* **Data items**

----

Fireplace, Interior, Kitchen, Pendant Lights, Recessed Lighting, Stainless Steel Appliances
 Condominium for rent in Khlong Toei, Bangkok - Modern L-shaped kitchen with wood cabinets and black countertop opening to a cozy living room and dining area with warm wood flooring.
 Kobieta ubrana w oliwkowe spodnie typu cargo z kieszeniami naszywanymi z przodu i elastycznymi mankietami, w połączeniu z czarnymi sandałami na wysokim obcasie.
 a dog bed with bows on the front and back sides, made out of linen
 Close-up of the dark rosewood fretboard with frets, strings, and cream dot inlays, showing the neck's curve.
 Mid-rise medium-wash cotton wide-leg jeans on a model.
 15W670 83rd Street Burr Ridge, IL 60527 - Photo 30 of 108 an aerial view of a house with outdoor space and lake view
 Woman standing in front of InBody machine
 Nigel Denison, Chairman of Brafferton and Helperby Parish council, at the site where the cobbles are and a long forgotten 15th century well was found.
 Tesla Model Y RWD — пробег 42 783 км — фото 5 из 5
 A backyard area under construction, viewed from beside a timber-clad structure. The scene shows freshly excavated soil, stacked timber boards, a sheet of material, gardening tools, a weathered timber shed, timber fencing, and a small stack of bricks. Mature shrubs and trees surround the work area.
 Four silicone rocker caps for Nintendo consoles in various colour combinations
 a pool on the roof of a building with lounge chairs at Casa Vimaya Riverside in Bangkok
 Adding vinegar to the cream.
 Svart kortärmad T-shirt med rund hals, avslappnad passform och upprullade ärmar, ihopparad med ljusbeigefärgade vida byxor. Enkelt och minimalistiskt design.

----

* **TASK DIRECTIONS**
Take the entries above and repeat them. Alter nothing.

* **OUTPUT OF THE TASK**
Fireplace, Interior, Kitchen, Pendant Lights, Recessed Lighting, Stainless Steel Appliances
 Condominium for rent in Khlong Toei, Bangkok - Modern L-shaped kitchen with wood cabinets and black countertop opening to a cozy living room and dining area with warm wood flooring.
 Kobieta ubrana w oliwkowe spodnie typu cargo z kieszeniami naszywanymi z przodu i elastycznymi mankietami, w połączeniu z czarnymi sandałami na wysokim obcasie.
 a dog bed with bows on the front and back sides, made out of linen
 Close-up of the dark rosewood fretboard with frets, strings, and cream dot inlays, showing the neck's curve.
 Mid-rise medium-wash cotton wide-leg jeans on a model.
 15W670 83rd Street Burr Ridge, IL 60527 - Photo 30 of 108 an aerial view of a house with outdoor space and lake view
 Woman standing in front of InBody machine
 Nigel Denison, Chairman of Brafferton and Helperby Parish council, at the site where the cobbles are and a long forgotten 15th century well was found.
 Tesla Model Y RWD — пробег 42 783 км — фото 5 из 5
 A backyard area under construction, viewed from beside a timber-clad structure. The scene shows freshly excavated soil, stacked timber boards, a sheet of material, gardening tools, a weathered timber shed, timber fencing, and a small stack of bricks. Mature shrubs and trees surround the work area.
 Four silicone rocker caps for Nintendo consoles in various colour combinations
 a pool on the roof of a building with lounge chairs at Casa Vimaya Riverside in Bangkok
 Adding vinegar to the cream.
 Svart kortärmad T-shirt med rund hals, avslappnad passform och upprullade ärmar, ihopparad med ljusbeigefärgade vida byxor. Enkelt och minimalistiskt design.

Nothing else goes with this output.